Judicial decisions and the individual judges behind the judgments are liable to claims of objectivity and impartiality. Given the workload judges face, the vast diversity of subject matter they are expected to master, and – more fundamentally – given the fact that they run on human brains, it comes as no surprise that judgments don’t always meet normatively accurate standards. Studies so far have focussed mostly on judges’ susceptibility to the pursuance of biased political goals as well as to the influence of their emotional dispositions. Another angle from which judicial decision-making can be approached is the heuristics and biases program.
Judicial cognitive psychology
This field of inquiry belongs to “Behavioural Law and Economics”, representing a new form of forensic psychology. Groundwork for this research has been provided by Tversky and Kahneman, whose “Judgment under Uncertainty” in 1974 influences present researchers’ work in a wide range of disciplines. Applying the heuristics and biases program, Swiss legal scholar Mark Schweizer published his PhD thesis in 2005. Among other things, it contains an examination of important biases judges are prone to. Although the issue is of greater relevance in the common law system than in civil law countries due to differing scopes of judicial decisional power, research of kinds is of fundamental practical significance. (In civil law countries, the bias-analysis transfers to the legislator to a greater extent.)
Rational analysis is directed at calculable mistakes typical for the human beings (or brains) that judges are. The heuristics, or rules of thumb, that are drawn on for judicial decision-making serve the purpose of efficient reduction of complexity and act as guides to normatively accurate results. However, the problem is that these heuristics often come along with fallacies. Thus, the heuristics may represent aberrations from desirable rational decision-making. The issue about these fallacies is that they occur systematically. On the positive side, this makes the fallacies predictable and thus offers the possibility for correction.
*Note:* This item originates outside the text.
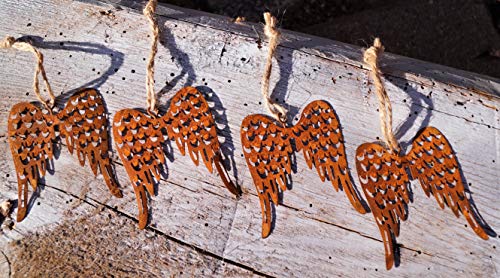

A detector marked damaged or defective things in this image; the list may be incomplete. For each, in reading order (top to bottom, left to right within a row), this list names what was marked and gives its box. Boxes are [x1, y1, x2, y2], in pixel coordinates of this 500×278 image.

The first part of Schweizer’s thesis is devoted to the examination of the emergence of Behavioural Law and Economics, its interplay and correlation with legal realism (the doctrine that legal decision-making is not exclusively determined by legal rules), as well as to the classic economic analysis of law and the normative framework of expected utility theory. In the second part, Schweizer analyses the effects of cognitive biases on judicial-decision making in criminal and civil law proceedings. For this purpose, he conducted a survey with 415 Swiss judges from seven different cantons. The biases whose effects are examined are ten in number. In what follows, these will be presented in a cursory way.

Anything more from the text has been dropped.